Assignment
From the line containing "Vector illustration results" through the end of the entries, please repeat every line exactly and nothing more; the pictures do not belong in the copy.

------ Given data

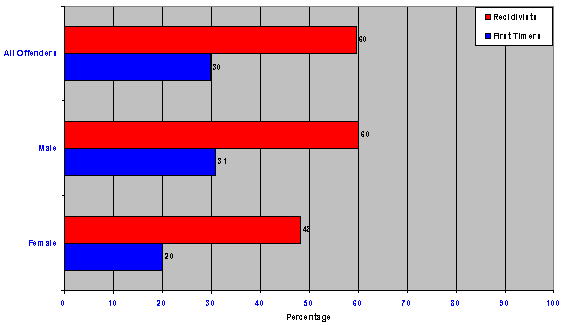 graph-18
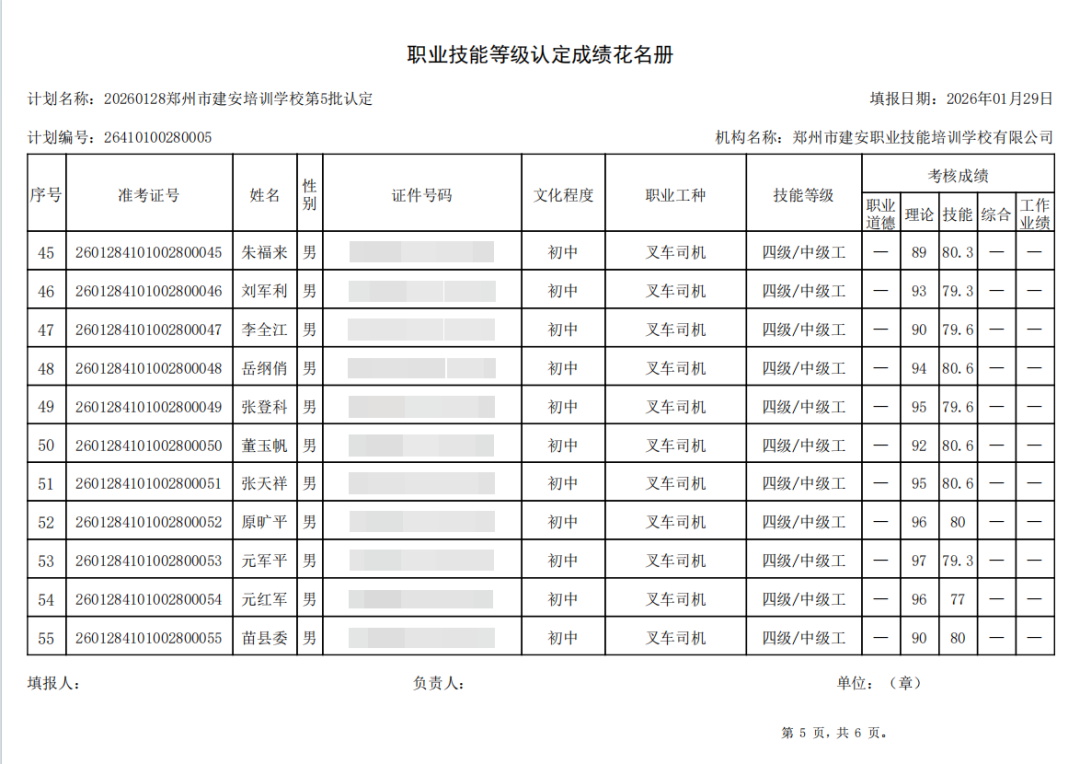 建安职业技能培训学校-2026年第5批职业技能等级认定考试成绩公示(图5)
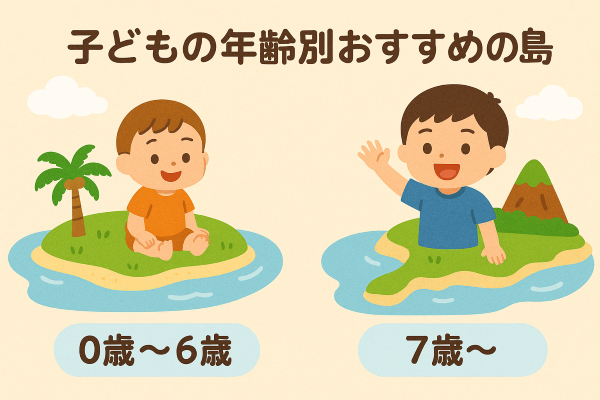 子どもの年齢別おすすめの島のイラスト画像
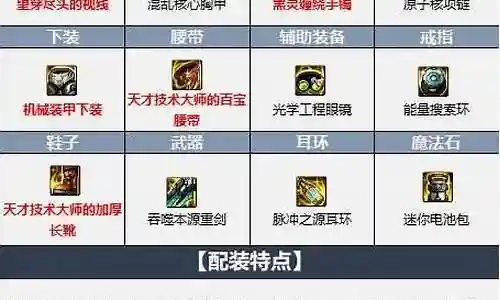 最新佣兵阵容搭配攻略插图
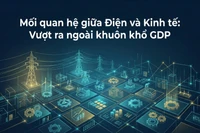 Tăng trưởng kinh tế” là một khái niệm đa chiều, không thể đồng nhất một cách máy móc với tăng trưởng GDP.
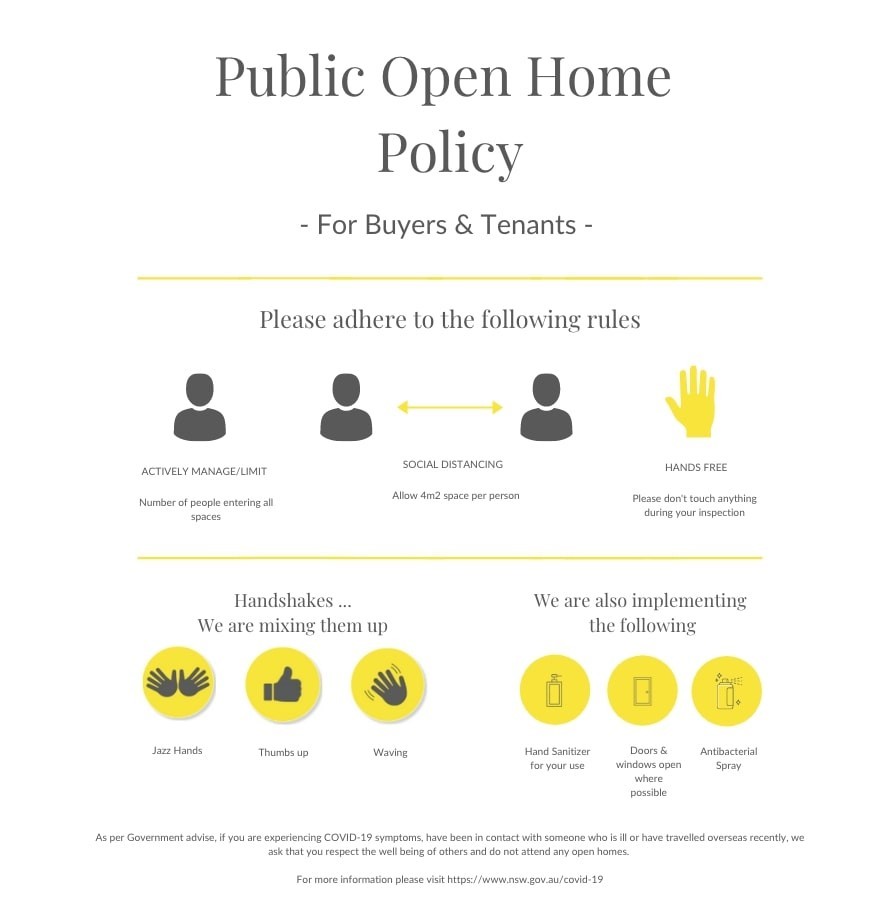 58 Milburn Road, Gymea, NSW 2227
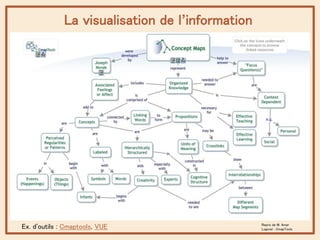 La visualisation de l’information
Ex. d’outils : Cmaptools, VUE Repris de M. Amar
Logiciel : CmapTools
 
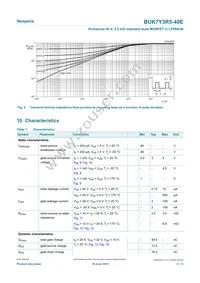 BUK7Y3R5-40E Datasheet Page 5
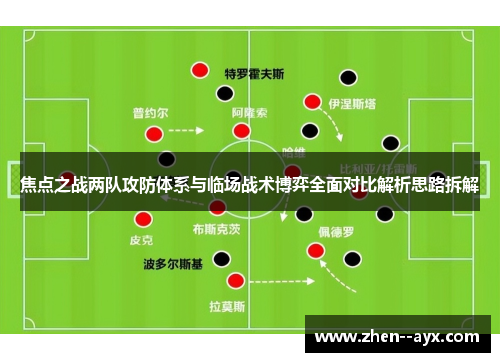 焦点之战两队攻防体系与临场战术博弈全面对比解析思路拆解 焦点之战两队攻防体系与临场战术博弈全面对比解析思路拆解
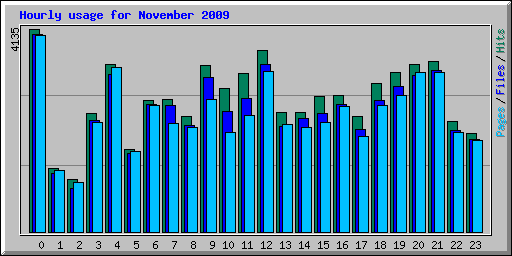 Hourly usage for November 2009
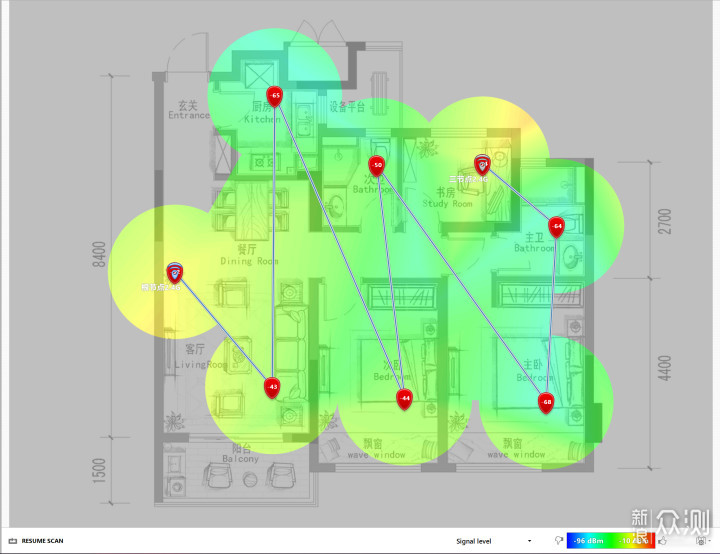 关于WiFi 6 Mesh路由器组网，这些流言真否？_新浪众测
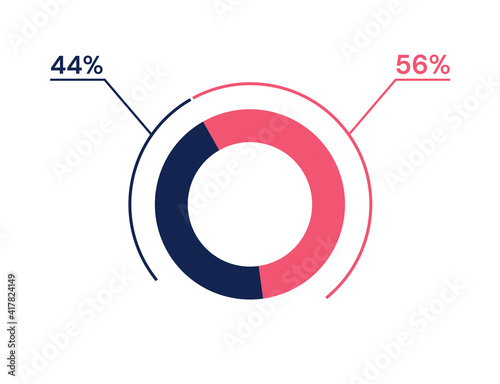 44 56 percent pie chart. 56 44 infographics. Circle diagram symbol for business, finance, web design, progress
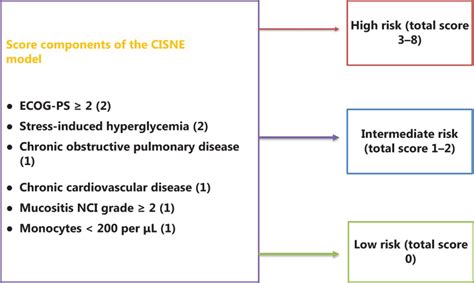 Current Management Of Chemotherapy Induced Neutropenia In Adults Key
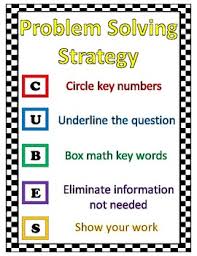 Problem Solving Strategy Anchor Chart By Nicole Ann Rios Tpt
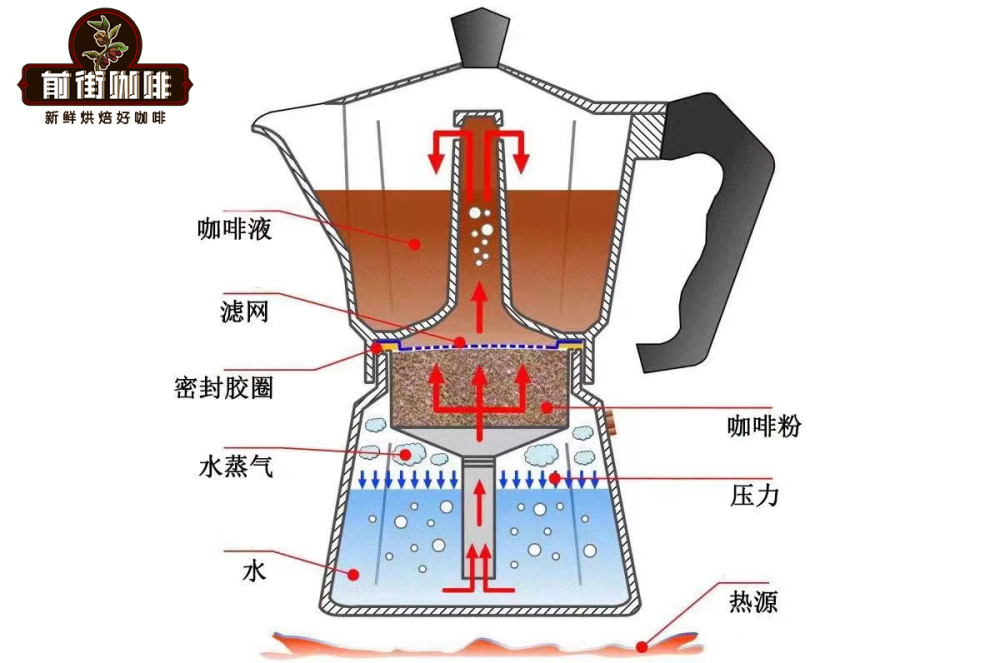 Moka Pot Usage Guide | Operation Steps, Suitable Bean Varieties & Extraction Flavor Analysis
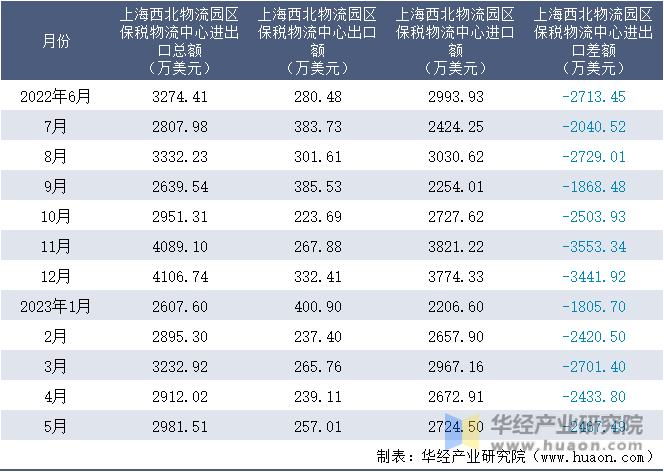 2022-2023年5月上海西北物流园区保税物流中心进出口额月度情况统计表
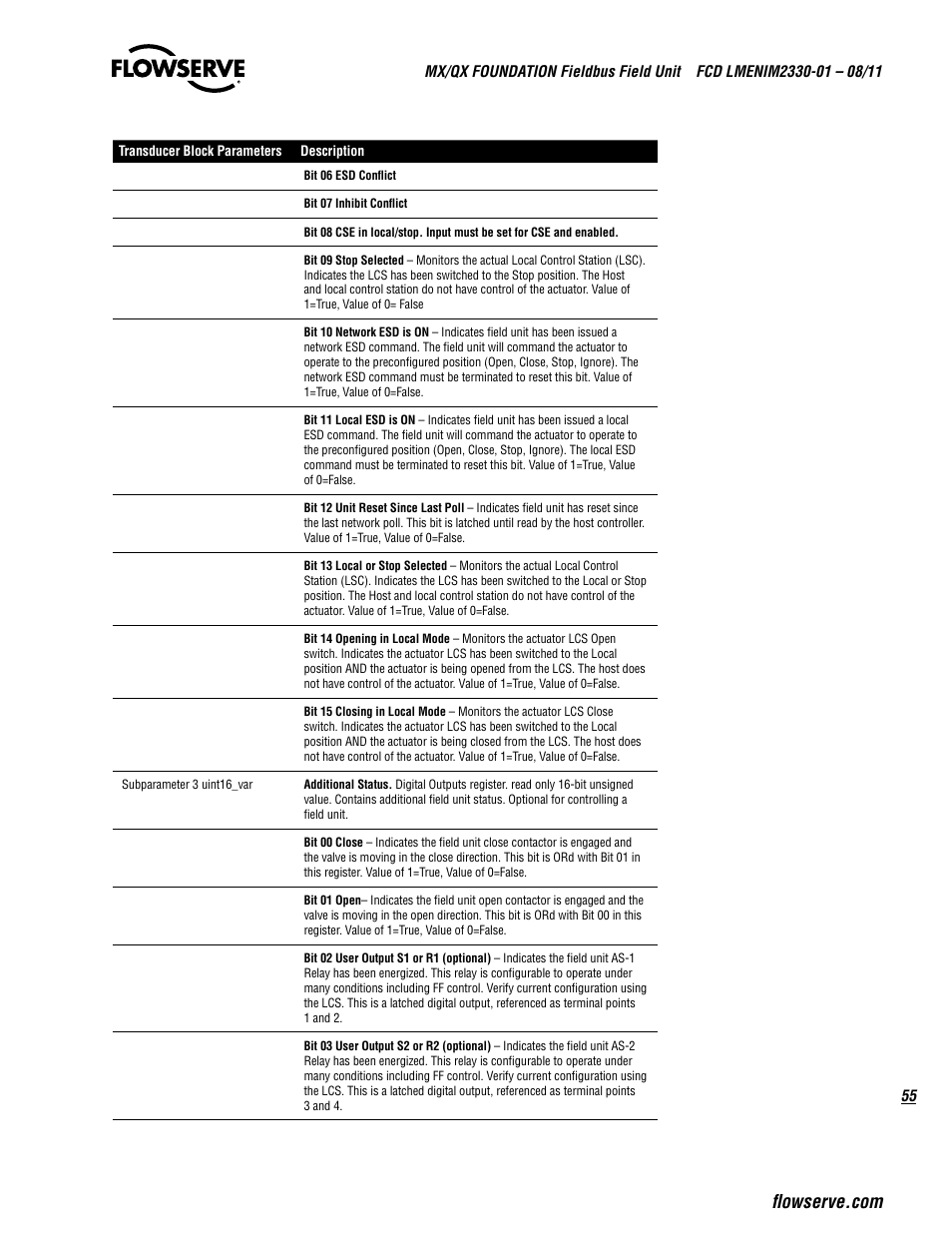 Flowserve MX FOUNDATION Fieldbus Field Unit User Manual | Page 55 / 84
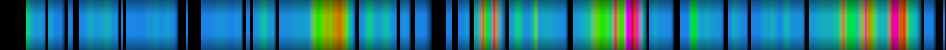 Script heatmap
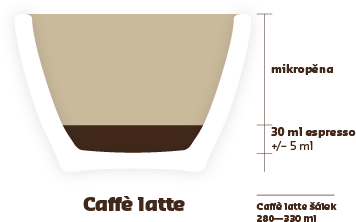 latte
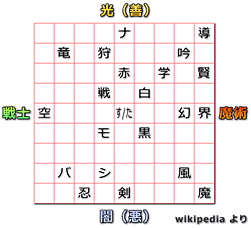 ファイナルファンタジー3　ジョブの相関図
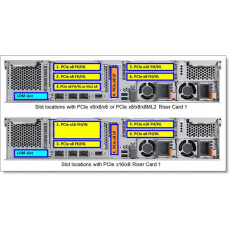 ThinkSystem COM Port Upgrade Kit ThinkSystem COM Port Upgrade Kit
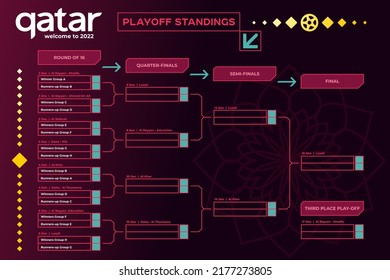 Vector illustration results and standing tables scoreboard championship tournament in Qatar. Soccer World Cup. Qatar 2022. Travel to Qatar. Broadcast template. Soccer 2022 championship tournament.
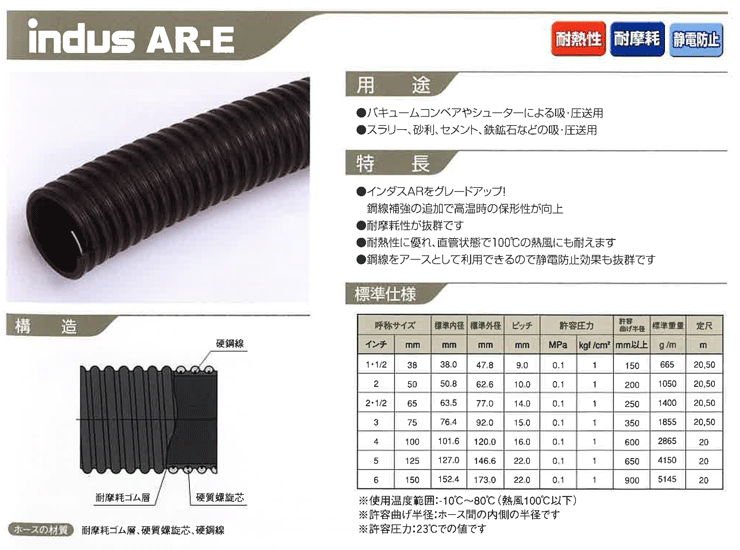 2021公式店舗サクションホース インダスAR-E 38mm 50m巻 カクイチ 水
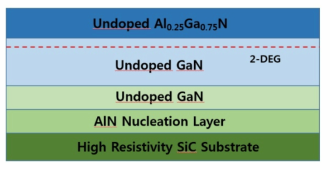 S-band GaN HEMT wafer의 Epi. 구조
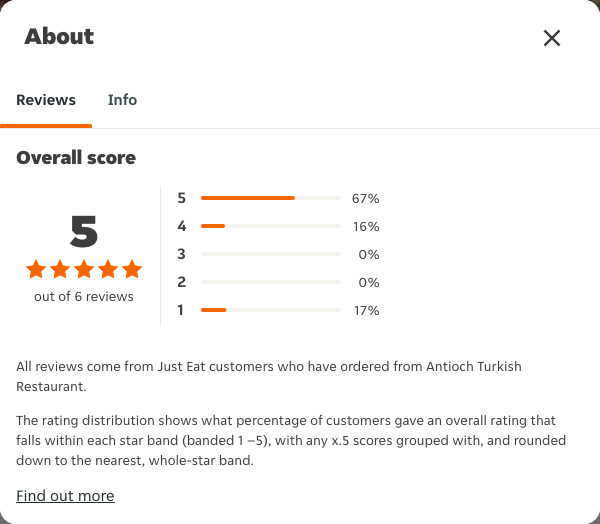 Just Eat rating, total reviews and rating distribution for Antioch Turkish Restaurant at the capture date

------------

Answer to the exercise
 Vector illustration results and standing tables scoreboard championship tournament in Qatar. Soccer World Cup. Qatar 2022. Travel to Qatar. Broadcast template. Soccer 2022 championship tournament.
 2021公式店舗サクションホース インダスAR-E 38mm 50m巻 カクイチ 水
 S-band GaN HEMT wafer의 Epi. 구조
 Just Eat rating, total reviews and rating distribution for Antioch Turkish Restaurant at the capture date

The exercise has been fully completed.